Acquisition of the firstEmbeddability of each black pixel in the individual text block map:

is->The +.f in the text block diagram>The embeddability of the black pixel points; />Is->The +.f in the text block diagram>The number of black pixel points included in the field of the black pixel points; />With natural constantAn exponential function of the base; when->The fewer the number of black pixels included in the field of the black pixels, the +.>The more likely the black pixel is the branch of the character stroke, at which point +.>The positions of the black pixel points are embedded with data, so that the structure of characters is not influenced, and the first timeThe embeddability of the black pixel points is large; when->The more the number of black pixels included in the field of the black pixels, the +.>The more likely a black pixel is the middle or turning point of a text stroke, at which point +.>The black pixel positions are embedded with data, so that strokes of the characters are disconnected, the structure of the characters is influenced, and the first step is>The embeddability of each black pixel is small.

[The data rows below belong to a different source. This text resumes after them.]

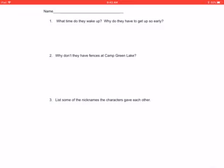Number two, why don't they have fences at Camp Green Lake? They don't have fences because they have the only water in about 100 miles. So if anybody tried to run away, they wouldn't make it because there's no water for miles and miles around.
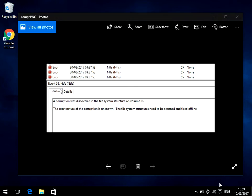It's an Event 55 error and it says here a corruption was discovered in the file system structure. Hope you find this guide useful. If you do, please help me out by subscribing to my channel.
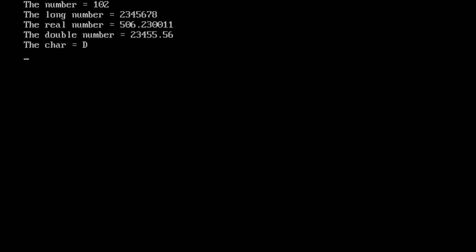This is the output. First number, the number is equal to 102. I am taking integer value, that's why 102. Long int, the long number is equal to 2345678, 23 lakhs 46678. The real number, 506.23, double number, exact number it will display, 23455.56. Character number, the character I am taking in the variable, character variable is d, the output is this one.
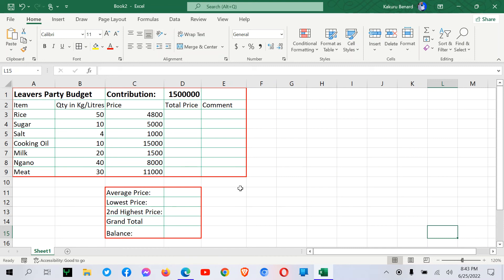Welcome to everyone. In today's Excel session, we are going to focus on HLOOKUP.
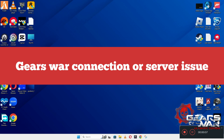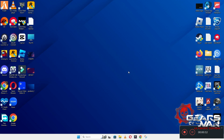Hello guys, welcome back to another video. In this video I will show you how to fix Gears of War connection or server issues problem in your Windows on PC and laptop.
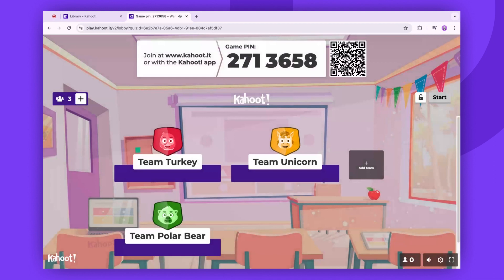During gameplay, team scores will be displayed on leaderboards and the podium. Later, you can find the scores for each player in the report generated from the game. Now you know how to play in team mode.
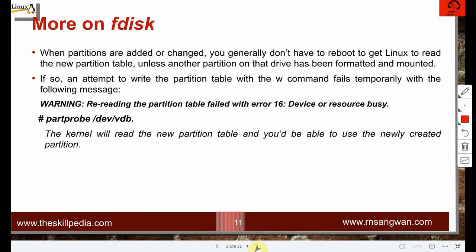When partitions are added or changed, you generally don't have to reboot for Linux to read the new partition table — unless another partition on the same drive is already formatted and mounted. If so, you'll get a warning: 'Re-reading the partition table failed because the device or resource is busy.' You cannot delete a mounted partition — you can't cut the branch of a tree on which you are sitting.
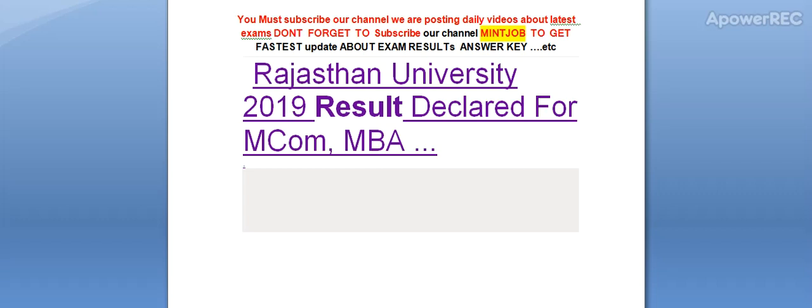Hi friends, you must subscribe our channel. We are posting daily videos about latest exams. Today I am telling you Rajasthan University 2019 result has been declared for MCOM and MBA. Don't forget to subscribe my channel to get the latest update related to the exams.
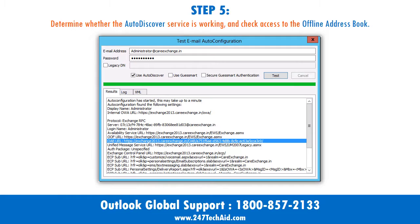Step 5: Determine whether the AutoDiscover service is working, and check access to the offline address book.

Thus far, obtain the firstThe embeddability of each pixel point in the individual text block diagrams. And similarly, obtaining the embeddability of each pixel point in each text block diagram.

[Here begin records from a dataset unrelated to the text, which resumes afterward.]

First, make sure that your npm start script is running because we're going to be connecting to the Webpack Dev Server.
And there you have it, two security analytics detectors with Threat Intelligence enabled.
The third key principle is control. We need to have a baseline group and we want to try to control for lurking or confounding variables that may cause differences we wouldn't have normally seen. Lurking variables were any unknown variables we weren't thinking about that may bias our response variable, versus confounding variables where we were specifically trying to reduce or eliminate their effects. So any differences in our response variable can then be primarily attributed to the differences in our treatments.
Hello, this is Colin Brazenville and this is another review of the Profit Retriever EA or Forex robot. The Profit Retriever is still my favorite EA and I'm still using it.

S005, acquiring a weight matrix according to the embeddability of each pixel point in each text block diagram.

In the Tseng block hiding algorithm, the pixel values of the pixel points in the text block diagram are adjusted, so that the exclusive or result of the text block diagram and the binary key array is identical to the result value after the weight matrix operation, which is identical to the decimal of the fingerprint data to be embedded, and the purpose of embedding the fingerprint data is achieved. The weight of each position in the weight matrix is different, after the pixel values of different pixel points in the corresponding text block diagram are adjusted, the exclusive or result of the text block diagram and the binary key array is different from the change amount of the result value after the weight matrix operation, in order to ensure that the influence on characters is smaller after the pixel values of the pixel points are adjusted, the pixel points with large embeddability are required to be adjusted as much as possible, and the pixel points with small embeddability are not adjusted, so that the weight of each position of the weight matrix is set according to the embeddability of the pixel points of the same position in all the text block diagrams.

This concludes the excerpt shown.